_WHAT IS NEEDED:_ Word for word, repeat the data; no picture should appear in the result.

_RAW DATA:_
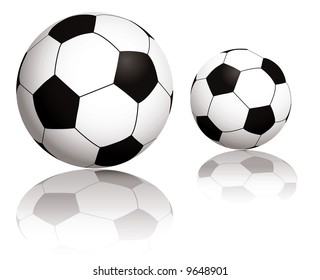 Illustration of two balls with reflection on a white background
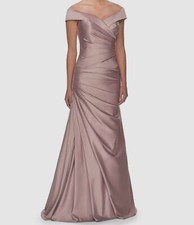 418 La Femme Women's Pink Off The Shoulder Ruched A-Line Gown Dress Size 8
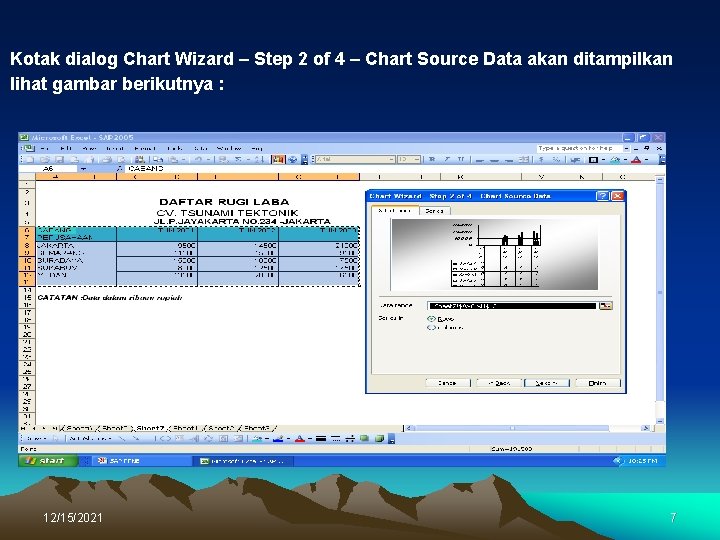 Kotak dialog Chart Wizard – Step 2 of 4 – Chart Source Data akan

_ANSWER TO THIS PROBLEM:_
 Illustration of two balls with reflection on a white background
 418 La Femme Women's Pink Off The Shoulder Ruched A-Line Gown Dress Size 8
 Kotak dialog Chart Wizard – Step 2 of 4 – Chart Source Data akan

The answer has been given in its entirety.